Anthony Michael Bourdain (/bɔːrˈdeɪn/; June 25, 1956 – June 8, 2018) was an American celebrity chef, author, and travel documentarian, who starred in programs focusing on the exploration of international culture, cuisine, and the human condition. Bourdain was a 1978 graduate of The Culinary Institute of America and a veteran of a number of professional kitchens during his career, which included many years spent as an executive chef at Brasserie Les Halles in Manhattan. He first became known for his bestselling book Kitchen Confidential: Adventures in the Culinary Underbelly (2000).

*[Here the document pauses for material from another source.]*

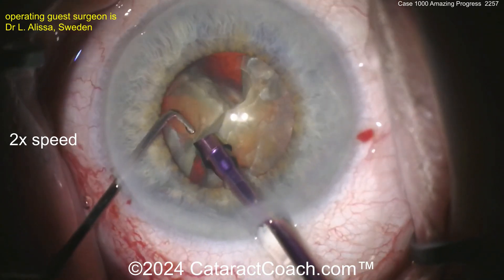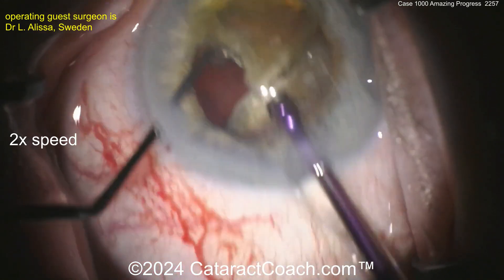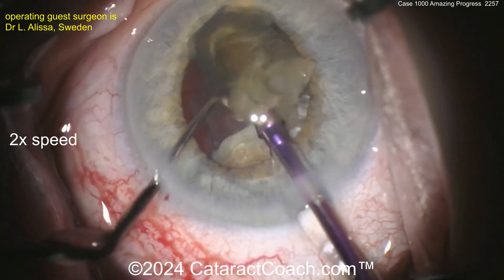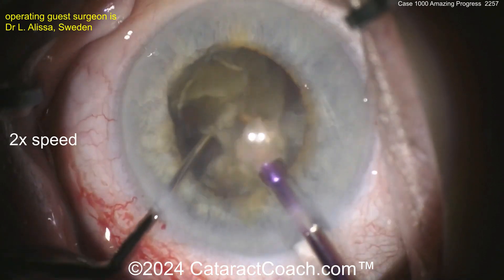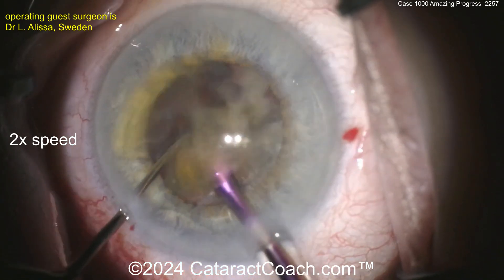Here are the pieces coming out. You can see the pupil is going to come down a little bit. Maybe this patient has IFIS — Flomax, Tamsulosin, something of this nature. Getting these pieces chopped and emulsified. We sped the video up; we just want to get through it in an efficient amount of time.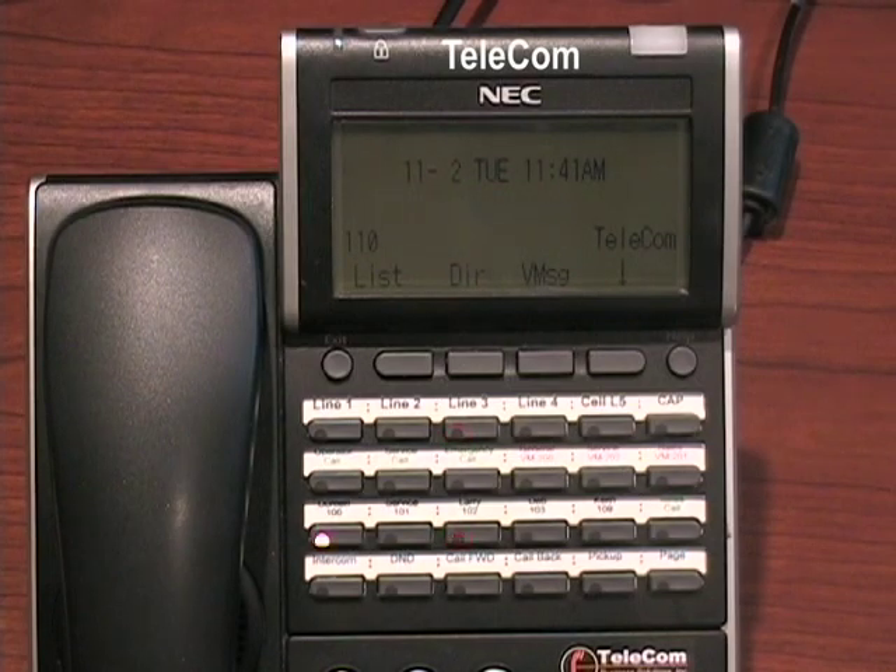The NEC allows you as a user to program these flexible buttons. Most people program them for internal extensions or maybe an outside speed number. I will show you both.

Anthony Michael Bourdain was born in Manhattan on June 25, 1956, the older of two sons of Gladys (née Sacksman) and Pierre Bourdain. Although he was not raised in a specified religion, his father was Catholic, while his mother was Jewish. Bourdain stated that, though he was considered Jewish by Judaism's definition, "I've never been in a synagogue. I don't believe in a higher power. But that doesn't make me any less Jewish, I don't think." His family was not religious either. At the time of Bourdain's birth, Pierre was a salesman at a New York City camera store, as well as a floor manager at a record store. He later became an executive for Columbia Records, and Gladys was a staff editor at The New York Times. Bourdain's paternal grandparents were French; his paternal grandfather emigrated from Arcachon to New York following World War I. Bourdain's father spent summers in France as a boy and grew up speaking French. Bourdain spent most of his childhood in Leonia, New Jersey. In a 2014 interview, Bourdain talked about how in the 1960s, after seeing films, he would go to a restaurant afterwards with friends to discuss the film. In his youth, Bourdain was a member of the Boy Scouts of America.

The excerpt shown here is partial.